• Zev Isert

What is data quality and why is it important?

Updated: Mar 2, 2021

In today’s business landscape, where AI and analytics dominate budgets, and businesses are using data to backup every decision, data quality is paramount. There is a reason why the phrase “garbage in, garbage out” has become commonplace in the vocabulary of CEO’s and data scientists. Low quality data can cause the failure of data-driven solutions. But before we get into the issues that low quality data brings, we should first talk about what data quality actually is.

Although certain aspects of data quality are dependent on industry, there are some universal requirements.

Generally, high quality data is:

  1. Complete.

  2. Missing values are removed or altered to a domain specific default.

  3. Unique.

  4. Duplicate entries are removed or consolidated into an accurate representation.

  5. Timely.

  6. Old, redundant records are removed.

  7. Valid.

  8. Records should make sense in the context of the rest of the dataset and the column specific constraints.

  9. Accurate.

  10. Entries should be accurate and not misreported, whether via a human error or a technology error.

  11. Consistent.

  12. Record entries and their metadata should be consistent to allow for ease of processing.

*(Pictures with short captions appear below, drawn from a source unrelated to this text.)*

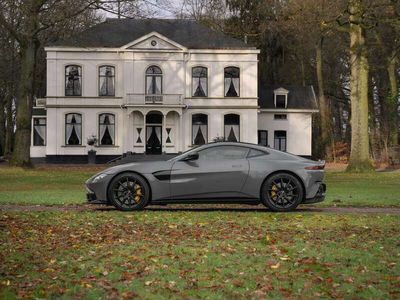 tweedehands Aston Martin V8 Vantage 4.0| China Grey | Black Pack | Alcantara inter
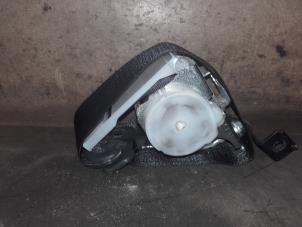 Used Front seatbelt, right Opel Vectra C Caravan 1.9 CDTI 16V Price on request offered by Akkie Stomphorst Autodemontage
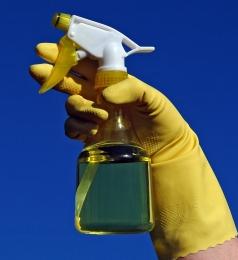 Handschuh und Putzmittel: Je undurchlässiger, je besser (Foto: pixelio.de, Rose) Handschuh und Putzmittel: Je undurchlässiger, je besser (Foto: pixelio.de, Rose)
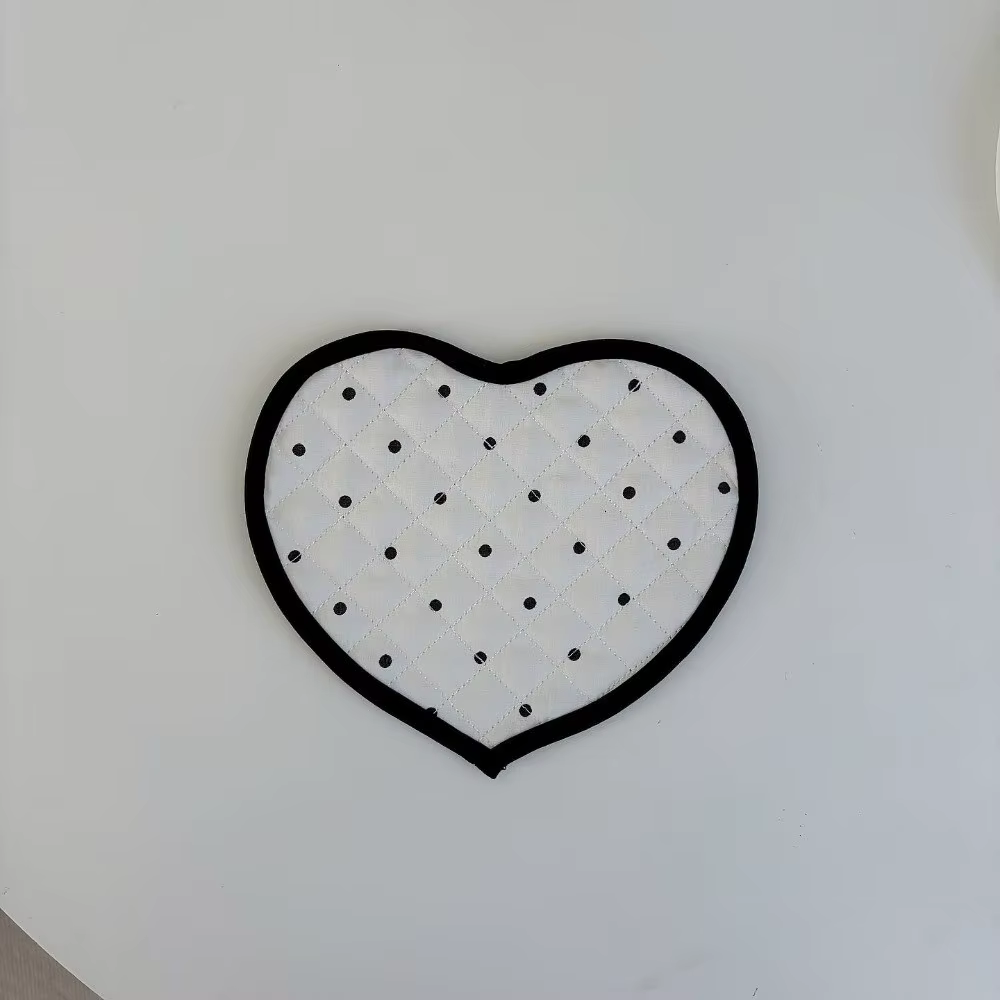 Napperons français en forme de cœur à pois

Overall, high quality data is clean, easy to process, and accurately represents the underlying system.

Now that you know what data quality is, you must understand why it is important. Here are five reasons you should value high quality data in all aspects of your business.

1. Marketing

It can be difficult to ensure the accuracy of customer data. You may have collected the data yourself or bought it from a third party. Using a high quality dataset in marketing initiative will allow you to understand your customers to a much greater extent, and create branding and content that will speak to them.

2. Competitive Advantage

Having better data than competing brands will offer you a competitive advantage. According to the Economist, “the world’s most valuable resource is no longer oil, but data”. Having a higher quality dataset than your competition will allow you to succeed in an economy based on the insights data offers.

3. Confidence

As many businesses implement data driven decision making into their operations, it is important that leadership can actually trust the data that they’re using to make decisions. According to Forbes, “84% of CEO’s are concerned about the quality of the data they’re basing their decisions on”. Investing in high quality data will allow leadership to be confident that they’re basing their high stakes decisions on the correct information.

4. Workplace Productivity

Many data scientists and knowledge workers spend a significant amount of time dealing with errors and inconsistencies in data. According to Crowdflower, “60% of data scientists spend most of their time cleaning and labelling data. 57% said it was the least enjoyable thing they do.” By investing in tools and processes to ensure high quality data, you will give your data science team more time to be productive on essential tasks, rather than have them spend the majority of their time doing menial data cleaning.

Harvard Business Review has also identified inaccurate, low quality data as a barrier to workplace productivity. “Studies show that knowledge workers waste up to 50% of time hunting for data, identifying and correcting errors and seeking confirmatory sources for data they do not trust.” By implementing practices that lead to high quality data, your organization will be able to make massive productivity gains, as workers will be able to spend their time on activities of greater importance than constantly rectifying errors in data.

5. Avoiding Reputation Loss

Decisions based on low quality, dirty data can lead to outcomes and bad decisions that result in reputational loss. For example, Amazon used low quality data when training a hiring algorithm, resulting in misogynistic hiring practices. As an organization you ideally want to avoid embarrassing situations, and implementing a strategy that values high quality data is the ideal way to do so.